Temples’ debut album Sun Structures unleashed their personal brand of chunky, addictive psych-pop on the world, all performed in 70’s friendly haircuts and equally enamored uniforms. The release was a cognizant nod to their inspirations, but still managed to showcase their own little quirks and techniques, and as a result, the album was clean and inviting like a kaleidoscope, constantly changing its youthful color with a mere flick of a wrist. In the Kettering quartet’s sophomore album Volcano, that youth and color appears less like the main attraction and more like a background component to an edgier, more intriguing aesthetic.
The biggest difference between Sun Structures and Volcano is the increased amount of technical experimentation, as well as the unyielding focus in mastering those experimental flourishes. Not to say that the debut didn’t have its fair share of ambition – so much so critics accused frontman James Bagshaw of placing more effort in achieving that perfect ‘70’s sound rather than create something fresh and modern – but here, it sounds much more innovative, more representative of the band’s mixture of youth and skill. It’s chunky, with hazy walls of sound instead of relying on bright, cookie cutter melodies. It seems that over the years, the quartet figured out how to combine the exhilaration that comes with neo-psychedelia with the focus of the modern age, and the result is, at times, otherworldly and strangely evocative.
Each track tends to follow a highly fantastical and whimsical theme; “Born into the Sunset” has an intro reminiscent of retro animation sounds, offset by background shrieks and euphoric synth, while “How Would You Like to Go” is dark and ethereal, almost like part of an art exhibit where sheets are slowly pulled off the main attraction, yellow beams of light peeking out from underneath them.
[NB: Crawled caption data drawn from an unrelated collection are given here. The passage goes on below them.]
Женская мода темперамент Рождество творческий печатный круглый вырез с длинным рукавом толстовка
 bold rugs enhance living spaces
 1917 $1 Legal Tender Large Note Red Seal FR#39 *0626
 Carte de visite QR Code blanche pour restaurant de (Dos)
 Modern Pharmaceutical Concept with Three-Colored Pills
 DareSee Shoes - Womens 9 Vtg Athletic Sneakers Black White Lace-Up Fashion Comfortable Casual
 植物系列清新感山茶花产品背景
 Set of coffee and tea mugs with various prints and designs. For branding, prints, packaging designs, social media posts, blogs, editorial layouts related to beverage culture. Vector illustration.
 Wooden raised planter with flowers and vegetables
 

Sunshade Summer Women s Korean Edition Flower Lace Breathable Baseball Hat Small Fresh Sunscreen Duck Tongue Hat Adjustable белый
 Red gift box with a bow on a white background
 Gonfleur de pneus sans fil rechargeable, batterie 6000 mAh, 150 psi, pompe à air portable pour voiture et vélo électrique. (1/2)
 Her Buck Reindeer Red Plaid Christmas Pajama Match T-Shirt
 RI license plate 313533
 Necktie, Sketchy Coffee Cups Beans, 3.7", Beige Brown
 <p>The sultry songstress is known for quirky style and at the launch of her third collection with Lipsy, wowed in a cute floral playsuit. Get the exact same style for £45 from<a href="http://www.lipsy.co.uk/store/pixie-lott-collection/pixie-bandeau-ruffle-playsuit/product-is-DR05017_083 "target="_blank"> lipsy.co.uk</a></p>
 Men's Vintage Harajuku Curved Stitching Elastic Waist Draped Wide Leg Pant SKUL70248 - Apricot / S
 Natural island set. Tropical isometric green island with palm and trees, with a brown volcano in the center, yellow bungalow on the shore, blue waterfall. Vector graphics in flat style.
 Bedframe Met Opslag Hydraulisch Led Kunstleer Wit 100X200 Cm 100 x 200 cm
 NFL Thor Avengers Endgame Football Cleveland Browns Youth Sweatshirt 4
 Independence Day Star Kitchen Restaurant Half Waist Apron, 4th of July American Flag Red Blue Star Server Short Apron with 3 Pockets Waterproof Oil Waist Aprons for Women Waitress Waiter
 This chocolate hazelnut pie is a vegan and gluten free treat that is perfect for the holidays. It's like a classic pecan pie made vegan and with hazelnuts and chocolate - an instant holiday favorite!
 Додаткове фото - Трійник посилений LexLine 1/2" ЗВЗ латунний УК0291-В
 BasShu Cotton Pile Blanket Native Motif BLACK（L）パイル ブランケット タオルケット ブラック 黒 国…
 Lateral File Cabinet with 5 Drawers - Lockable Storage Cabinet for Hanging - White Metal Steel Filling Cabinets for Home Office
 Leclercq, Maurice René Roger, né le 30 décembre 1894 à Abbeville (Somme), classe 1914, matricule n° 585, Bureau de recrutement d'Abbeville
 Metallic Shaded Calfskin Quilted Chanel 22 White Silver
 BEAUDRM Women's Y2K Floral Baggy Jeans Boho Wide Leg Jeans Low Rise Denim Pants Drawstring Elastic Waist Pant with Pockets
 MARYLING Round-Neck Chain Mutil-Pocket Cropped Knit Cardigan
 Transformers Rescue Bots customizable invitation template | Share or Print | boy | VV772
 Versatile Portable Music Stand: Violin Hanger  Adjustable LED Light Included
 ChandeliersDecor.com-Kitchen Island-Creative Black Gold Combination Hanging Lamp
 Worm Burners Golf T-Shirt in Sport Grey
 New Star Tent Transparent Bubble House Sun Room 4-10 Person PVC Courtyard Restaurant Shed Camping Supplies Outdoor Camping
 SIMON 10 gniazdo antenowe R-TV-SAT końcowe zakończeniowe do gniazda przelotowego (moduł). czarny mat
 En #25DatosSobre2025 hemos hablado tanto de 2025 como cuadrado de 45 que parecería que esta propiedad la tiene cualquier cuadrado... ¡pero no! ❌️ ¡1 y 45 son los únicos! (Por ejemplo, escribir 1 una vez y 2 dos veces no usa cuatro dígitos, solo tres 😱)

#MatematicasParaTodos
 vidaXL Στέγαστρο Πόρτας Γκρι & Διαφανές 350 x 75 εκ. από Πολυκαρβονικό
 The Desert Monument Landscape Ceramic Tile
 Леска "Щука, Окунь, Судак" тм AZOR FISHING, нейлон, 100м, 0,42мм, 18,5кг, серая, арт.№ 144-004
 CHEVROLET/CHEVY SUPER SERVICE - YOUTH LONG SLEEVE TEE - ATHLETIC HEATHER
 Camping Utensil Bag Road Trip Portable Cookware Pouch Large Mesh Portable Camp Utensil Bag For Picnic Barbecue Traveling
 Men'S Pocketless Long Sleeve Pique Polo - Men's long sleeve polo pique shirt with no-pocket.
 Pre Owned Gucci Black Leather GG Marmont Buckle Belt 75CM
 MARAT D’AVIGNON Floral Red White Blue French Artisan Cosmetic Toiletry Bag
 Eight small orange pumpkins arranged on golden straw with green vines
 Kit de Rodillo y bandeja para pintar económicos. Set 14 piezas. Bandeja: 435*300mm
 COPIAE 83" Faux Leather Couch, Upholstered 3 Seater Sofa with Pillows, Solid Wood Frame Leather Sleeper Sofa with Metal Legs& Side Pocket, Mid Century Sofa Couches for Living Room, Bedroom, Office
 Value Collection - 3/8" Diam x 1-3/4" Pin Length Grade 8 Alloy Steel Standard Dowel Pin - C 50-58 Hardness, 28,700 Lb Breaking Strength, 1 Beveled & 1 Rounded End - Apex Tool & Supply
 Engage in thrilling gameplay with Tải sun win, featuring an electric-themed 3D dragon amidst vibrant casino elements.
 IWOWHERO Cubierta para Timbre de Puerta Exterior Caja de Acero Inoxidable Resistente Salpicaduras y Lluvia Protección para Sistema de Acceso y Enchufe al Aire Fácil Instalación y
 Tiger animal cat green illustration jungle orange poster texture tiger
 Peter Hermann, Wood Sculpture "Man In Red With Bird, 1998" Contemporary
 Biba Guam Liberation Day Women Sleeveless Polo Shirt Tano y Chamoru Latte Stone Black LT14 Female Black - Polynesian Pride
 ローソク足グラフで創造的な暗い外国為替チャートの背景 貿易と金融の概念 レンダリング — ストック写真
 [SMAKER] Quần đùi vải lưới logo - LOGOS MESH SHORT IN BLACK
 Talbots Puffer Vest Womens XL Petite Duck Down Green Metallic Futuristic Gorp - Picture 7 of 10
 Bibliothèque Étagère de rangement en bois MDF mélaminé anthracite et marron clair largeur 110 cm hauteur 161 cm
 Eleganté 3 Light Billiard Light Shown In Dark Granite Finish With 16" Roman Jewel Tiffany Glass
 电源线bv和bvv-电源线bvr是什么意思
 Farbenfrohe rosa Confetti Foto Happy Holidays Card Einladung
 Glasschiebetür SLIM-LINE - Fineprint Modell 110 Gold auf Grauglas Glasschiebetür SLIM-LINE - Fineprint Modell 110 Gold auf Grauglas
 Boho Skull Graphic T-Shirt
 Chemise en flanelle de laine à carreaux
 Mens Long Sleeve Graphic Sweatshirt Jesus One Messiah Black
One small grievance with these tracks, however, is that Temples seem to have a set structure in their compositions, with them all being mostly middle-heavy; their most addictive melody or vocal track is sometimes a feat to reach due to the aforementioned walls of sound, which does tend to come complimentary with the desire to fire every piston in their technical repertoire. “Mystery of Pop” and “Open Air, however, are the outliers, both shimmering, spacey romps from beginning to end.
Opener and supersonic lead single “Certainty” has Bagshaw revisiting his signature elastic croon, the falsetto that erupts after the chorus appearing several more times throughout the album. In fact, Bagshaw is exponentially more transcendental and impassioned in his vocal performance this time around, not to mention versatile, allowing himself to be the starry-eyed dreamer in anthem “Strange or Be Forgotten” as well as the quirky romantic in the playful “In My Pocket.” However, no other track more brilliantly showcases the dual power and soft qualities of his vocals than “I Wanna Be Your Mirror,” where they intertwine seamlessly with the bouncy guitar and scuzzy bassline before dissolving into the flutes and chimes surrounding them.
Volcano matches the unpredictable, bubbling energy of its namesake, with all of the intrigue and none of the paralyzing fear. It’s looser yet somehow more focused, bubbly and playful but with a darker, insanely irresistible ulterior motive, like sunlight hiding behind a dark velvet cloak. Most of all, however, it shows Temples’ ability to grow and mature, as well as more efficiently use the fiery passion and tenacity that comes with youth to their advantage.